Compared with SAM, the contextual information seems heavily dependent on ground truth reference masks, whereas SAM can progressively segment objects in multiple turns. Other segmentation models, like those from co-segmentation, only require image groups as inputs. These examples make the claim confusing to me.
We will address the reviewer's question from the following two points. If our explanation is unclear, we would welcome further discussion.
-
SINE is more cost-effective and broadly applicable. When using SAM for processing a large number of images, it requires human interaction to segment each image, leading to significant labor costs. Co-segmentation requires ensuring that a group of images contains objects with the same semantic conception and cannot segment multiple objects with different semantics in complex scenes simultaneously. This limitation hinders its widespread application. In contrast, SINE only needs a single in-context example containing a reference image and mask to handle target images in different tasks without human intervention, making it more cost-effective and broadly applicable.
-
Compared with SAM, why does SINE need contextual information. For each image, SAM segments objects based on human interaction without learning semantics. This allows SAM to progressively segment objects in multiple turns, but its drawback is the need for human input for every image, leading to significant labor costs. In contrast, SINE can batch-process images using just one image and its mask, a practical advantage that SAM lacks. To achieve this, SINE needs to understand the contextual relationship between the reference image and target images. In fact, SAM and SINE represent two vertically developed directions of segmentation foundation models and can complement each other. For instance, in auto-labeling, SAM could label objects (e.g., a dog) in the first image, and SINE could use that image as an in-context example to label subsequent images, reducing costs.
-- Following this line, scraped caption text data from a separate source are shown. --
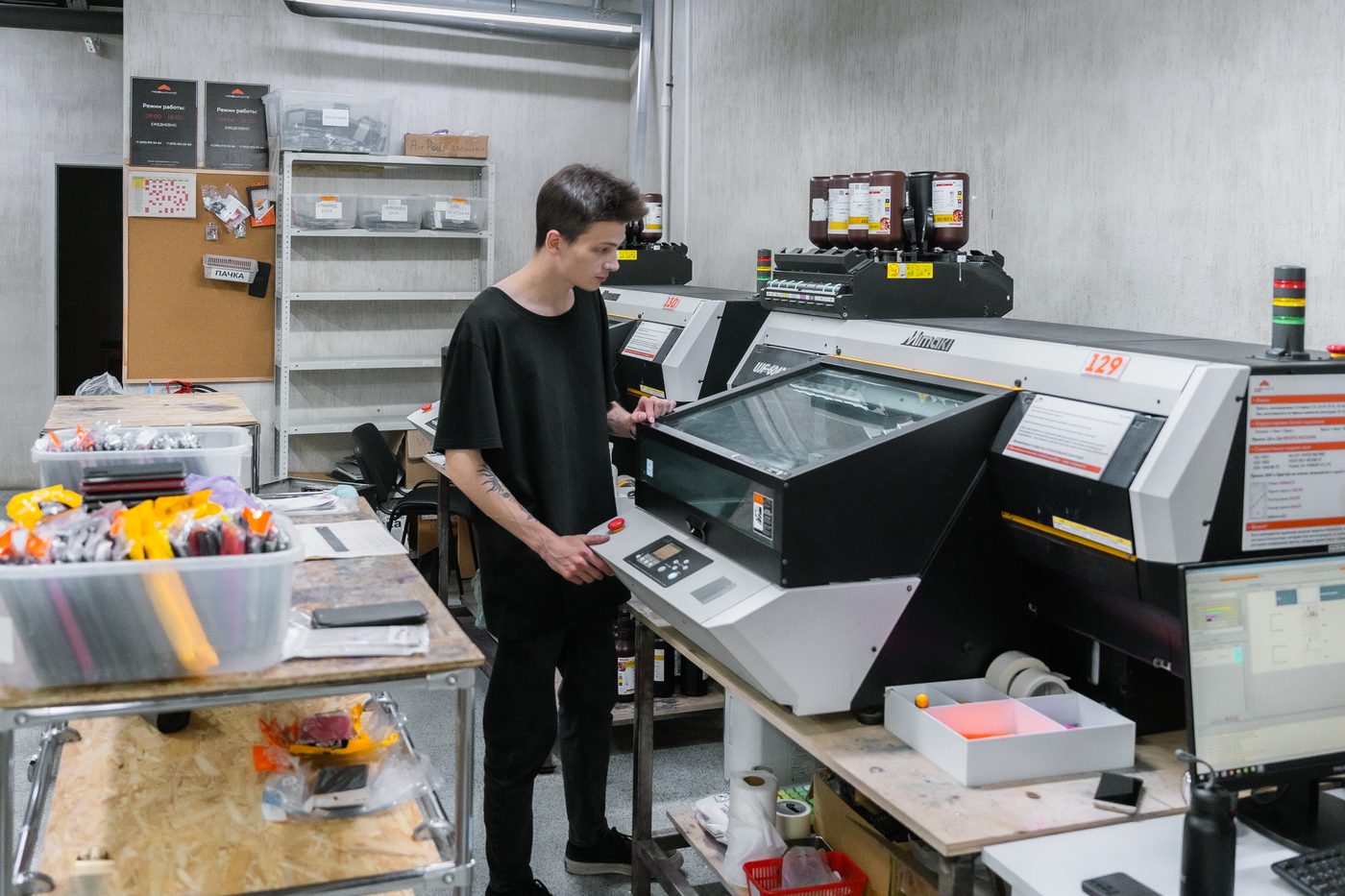 Operator running a Mimaki UJF-6042 UV flatbed printer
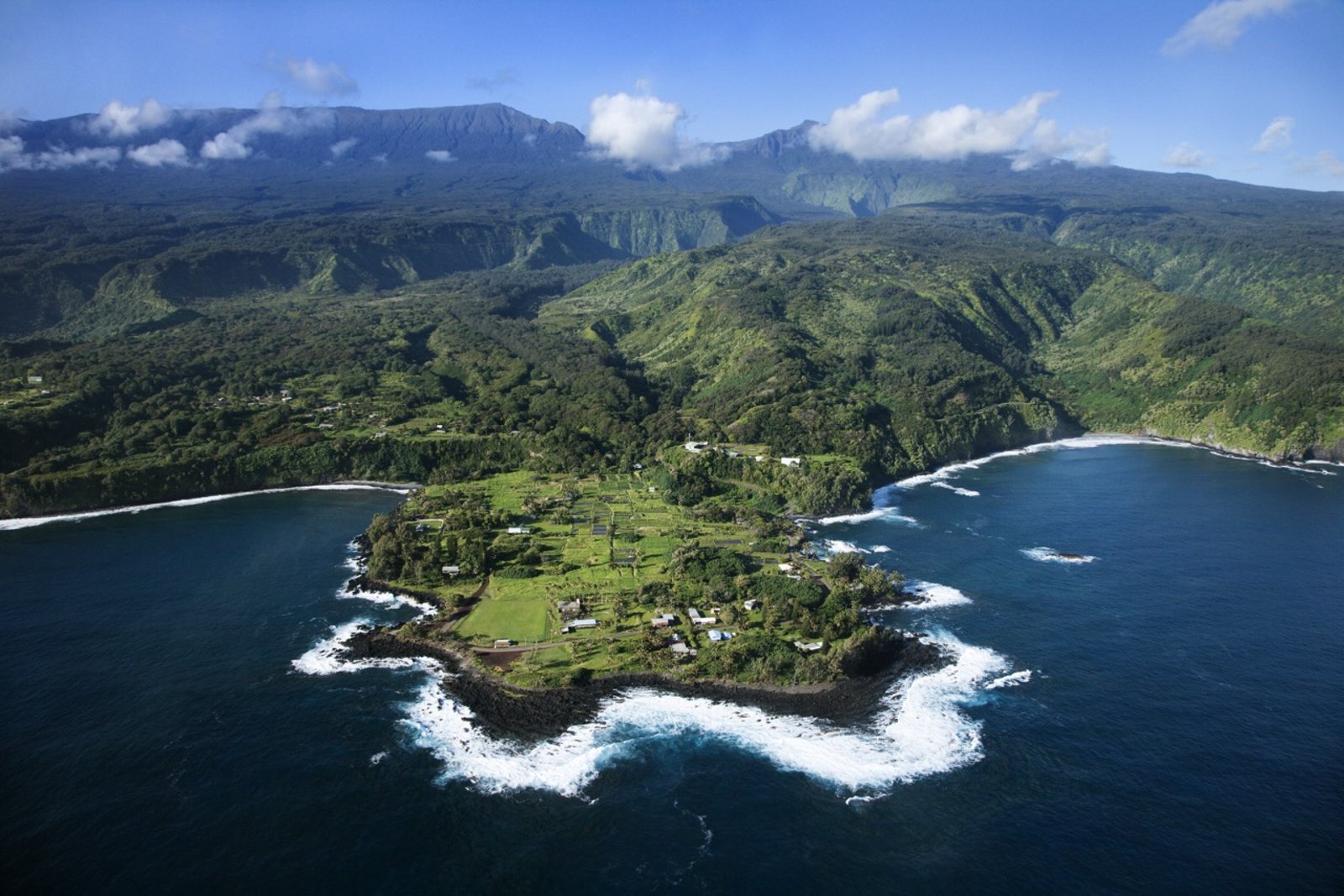 Small scenic-tour plane in flight over Maui's West Maui Mountains and coast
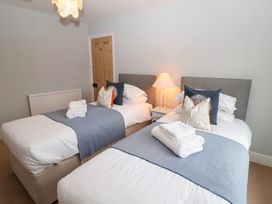 A bedroom with two beds, nightstand, and lamp at Elkhorn in Southwold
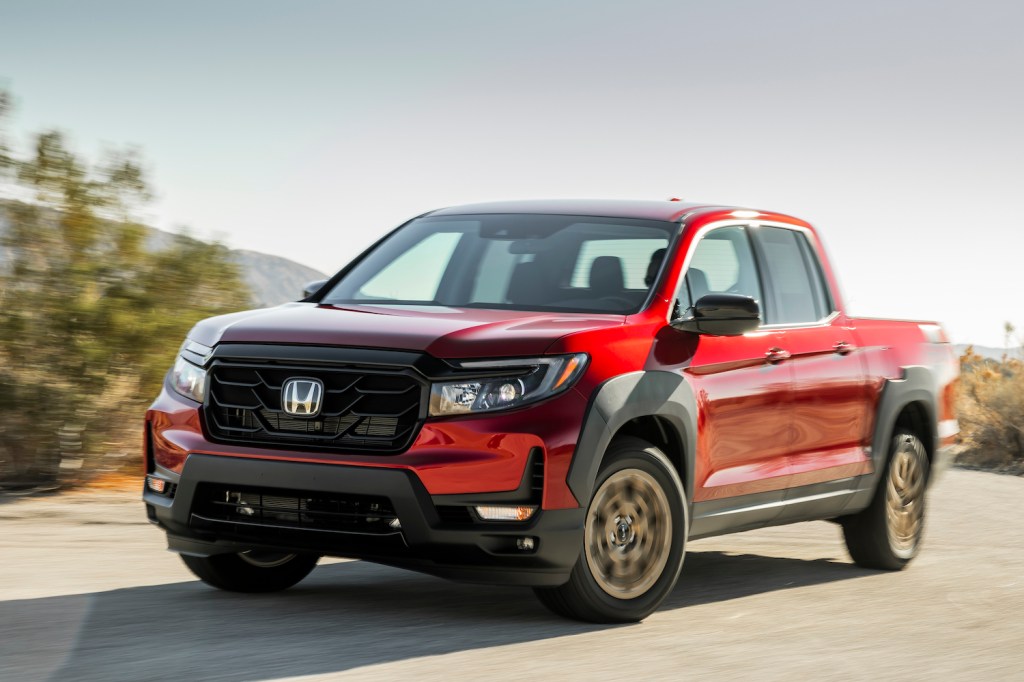 A red 2021 Ridgeline Sport with HPD Package driving on a sunny day, the Ridgeline is the best midsize truck of 2021
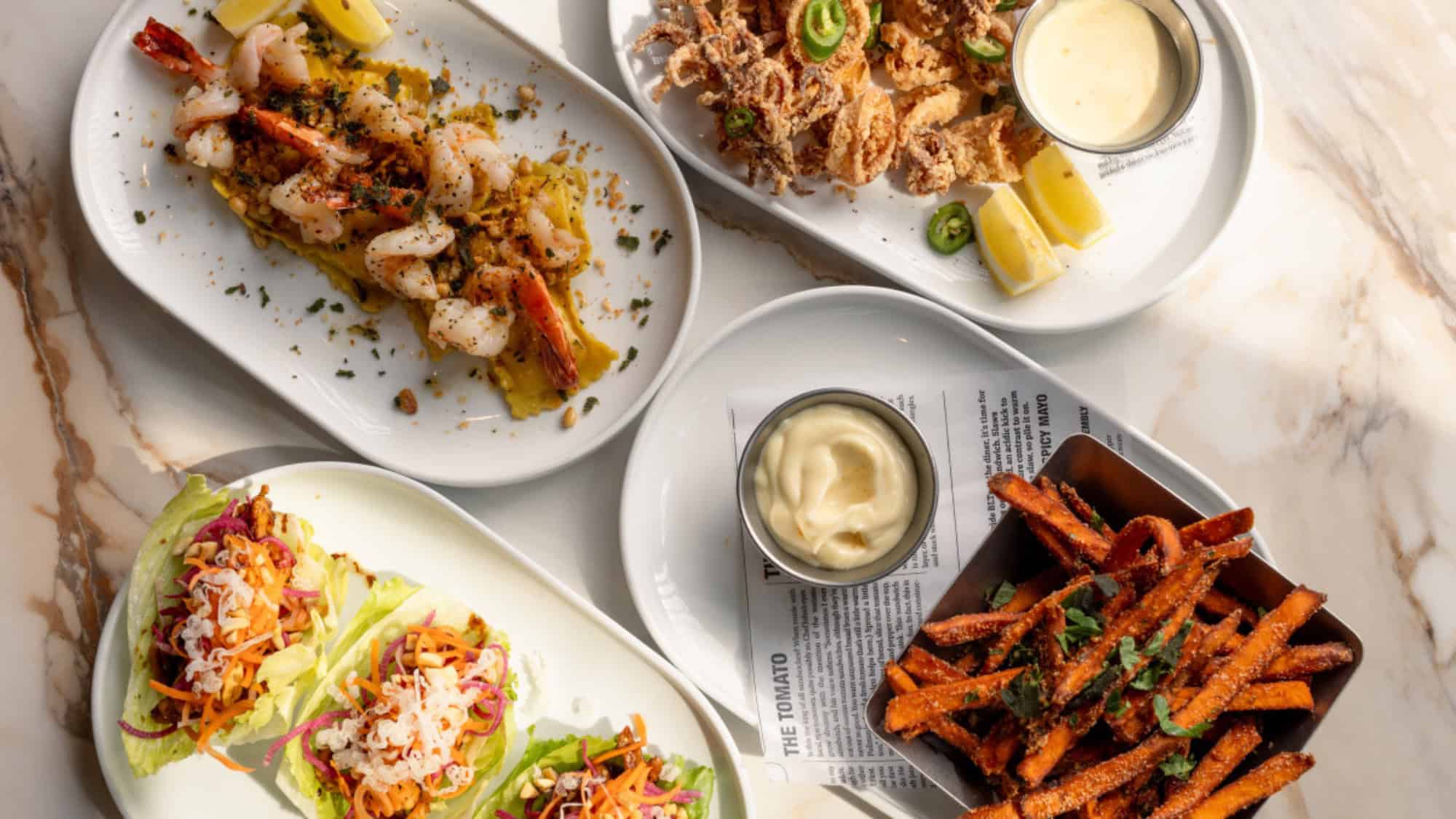 Four plates of food on a marble table: grilled shrimp, fried calamari with dipping sauce, lettuce wraps with slaw, and a basket of seasoned sweet potato fries with dip.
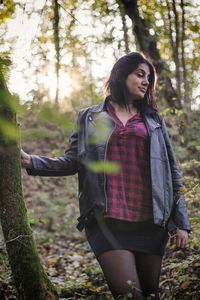 Young woman standing by tree in forest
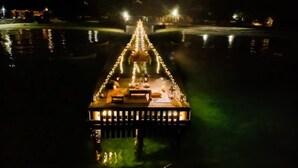 Un barco con cubierta y barandilla, flotando sobre el agua, con luces que se reflejan en la superficie.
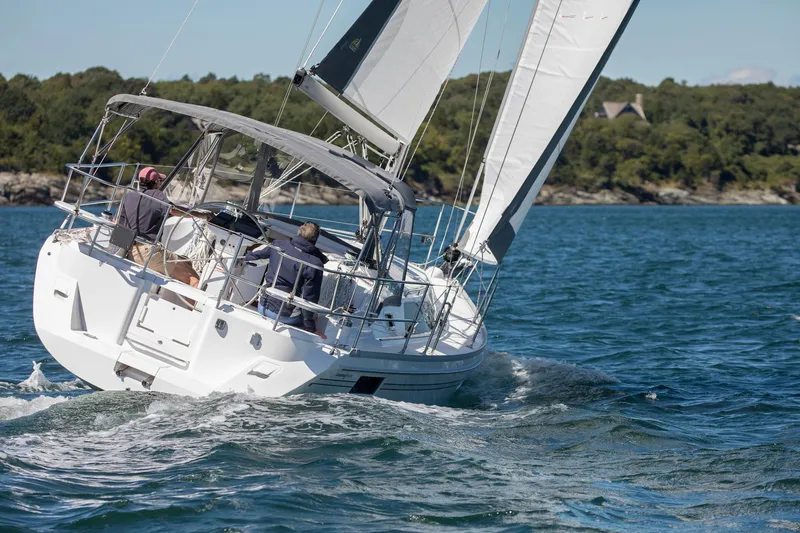 Slide: The Image of Sailing on a 2026 Catalina 316 yacht in clear blue waters, near a forested shoreline. - 8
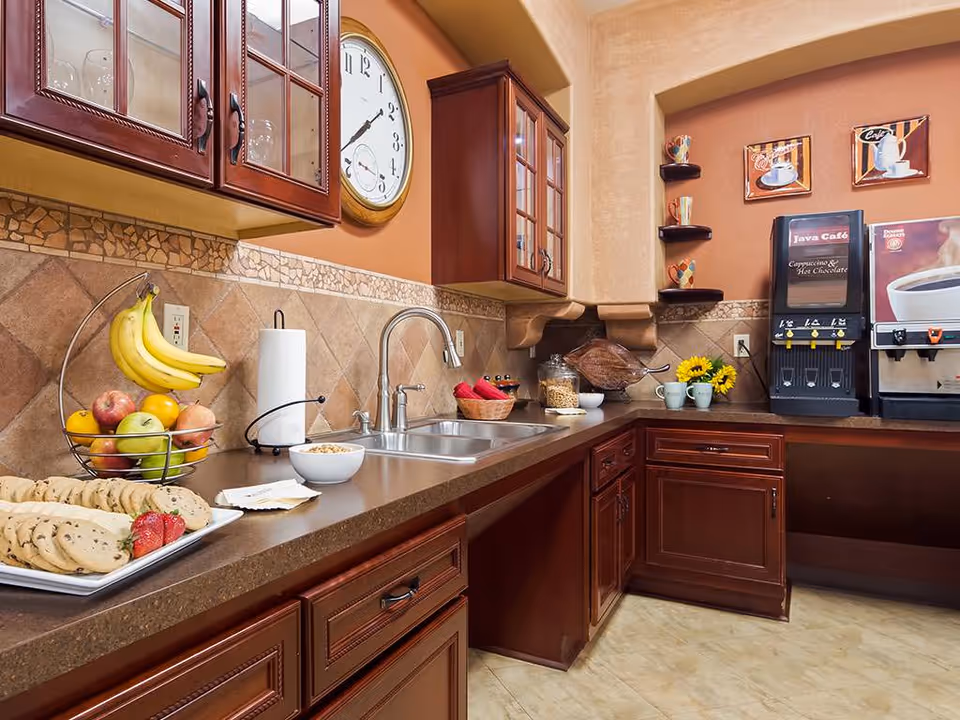 A kitchen area with dark wood cabinets, a double sink, and a countertop displaying a basket of fruit, a plate of cookies with strawberries, a bowl of cereal, and a paper towel holder. On the right side, there is a coffee and hot chocolate dispenser with two mugs and a small vase of sunflowers. The walls are painted warm tones with decorative tiles and a large clock above the sink.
I agree with the author that we cannot solely focus on network architecture design in the era of large models. However, the insights presented appear to be only incrementally novel, as they mainly build on multiple previous works.
We appreciate the reviewer's agreement with our perspective. Below, we explain why our insights are not incremental:
In widely used segmentation tasks such as semantic and instance segmentation, traditional methods require assigning a category label to the object, which becomes challenging when scaled to thousands of categories. In-context segmentation overcomes these limitations by using visual concepts as annotations. However, ambiguous prompts in in-context segmentation can lead to incorrect predictions, limiting its practical use. We are the first to consider and resolve task ambiguity in prompts for in-context segmentation, a significant contribution in both research and application, and we believe this challenge is inherently novel.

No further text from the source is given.